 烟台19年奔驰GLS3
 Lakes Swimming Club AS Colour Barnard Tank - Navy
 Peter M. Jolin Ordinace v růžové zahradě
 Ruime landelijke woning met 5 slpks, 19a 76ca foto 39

...

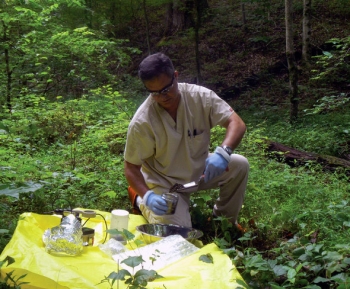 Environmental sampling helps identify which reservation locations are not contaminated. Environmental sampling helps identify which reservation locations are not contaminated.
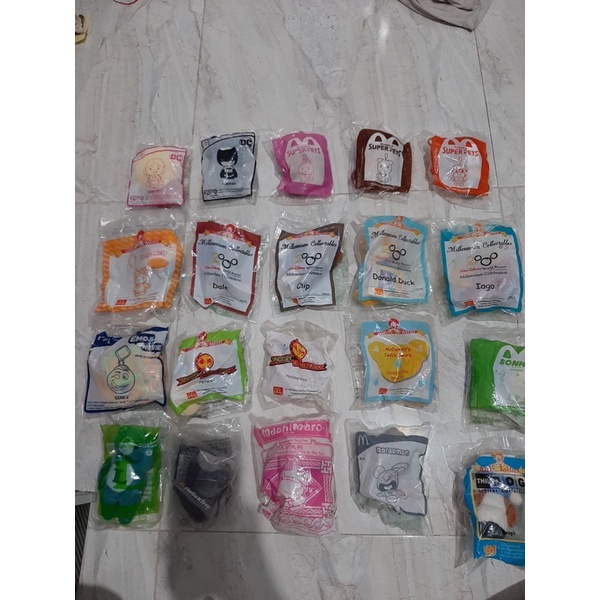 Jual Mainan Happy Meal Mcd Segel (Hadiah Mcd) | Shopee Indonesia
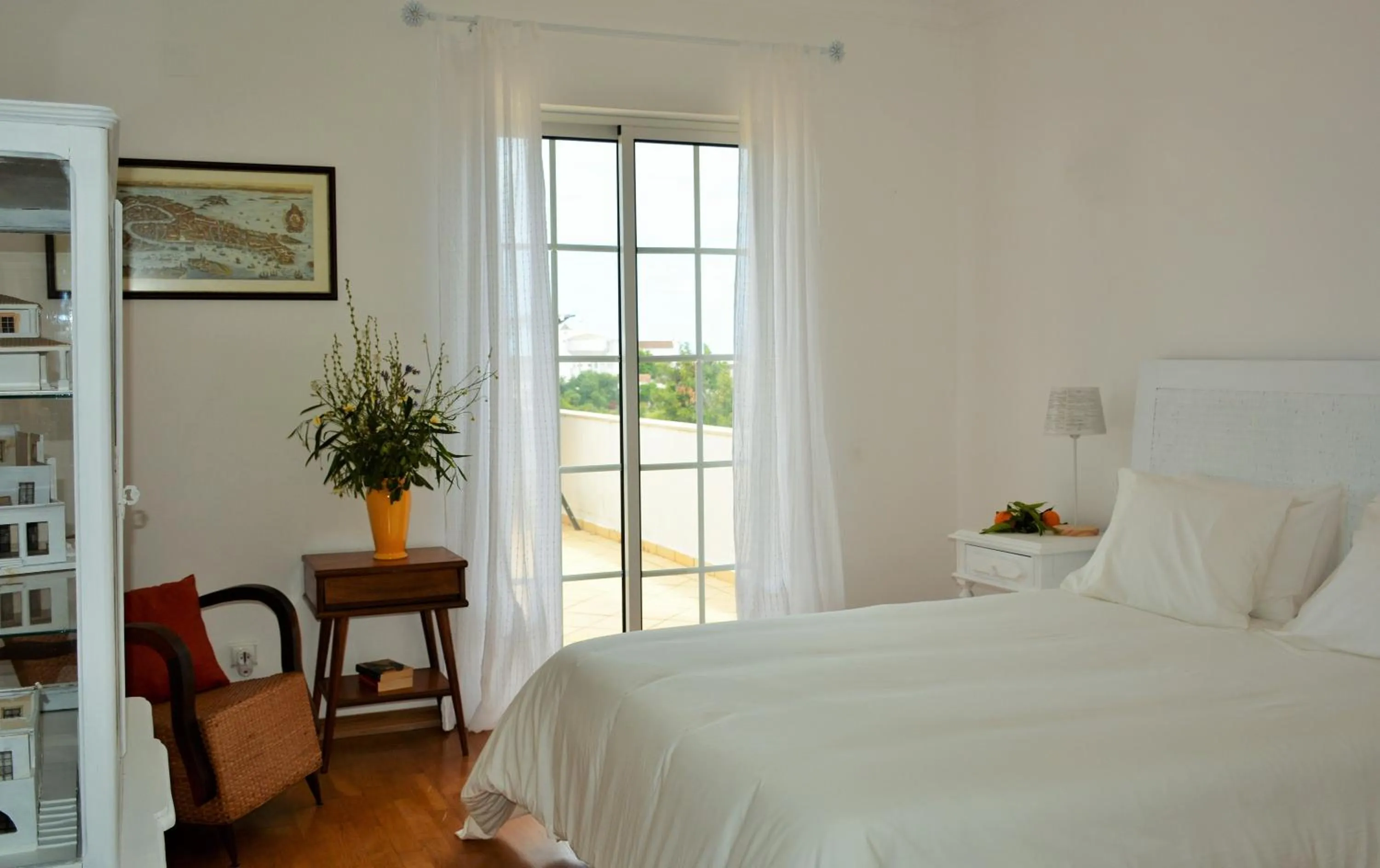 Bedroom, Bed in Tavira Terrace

---

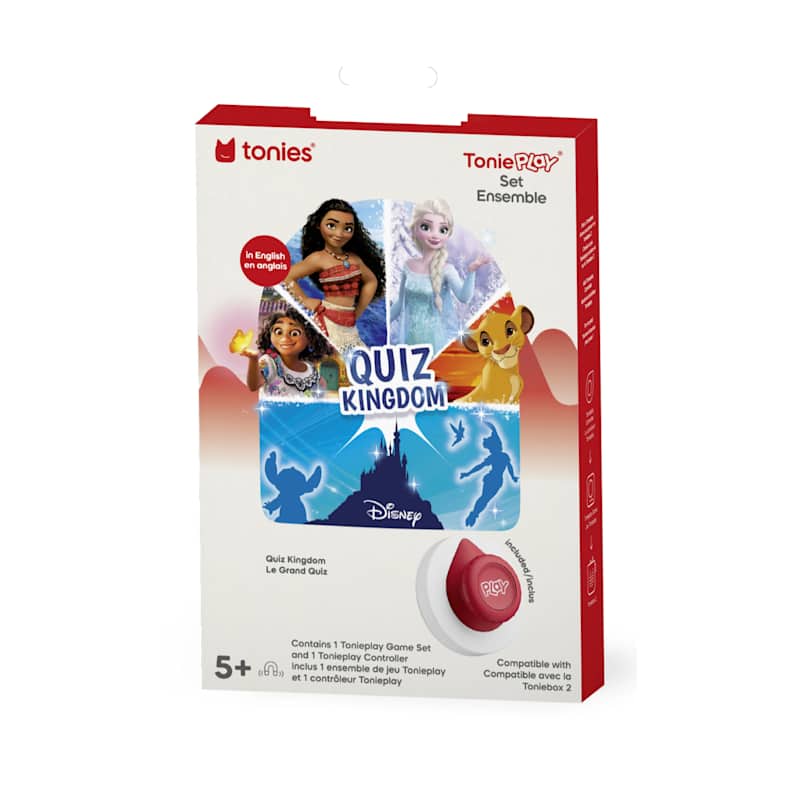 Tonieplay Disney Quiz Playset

WORK REQUIRED. What to print is the stretch of entries from the line with "not contaminated. Environmental" up to and including the line with "Bedroom, Bed in Tavira Terrace". Please print it exactly and leave out the pictures.

TASK OUTPUT.
 Environmental sampling helps identify which reservation locations are not contaminated. Environmental sampling helps identify which reservation locations are not contaminated.
 Jual Mainan Happy Meal Mcd Segel (Hadiah Mcd) | Shopee Indonesia
 Bedroom, Bed in Tavira Terrace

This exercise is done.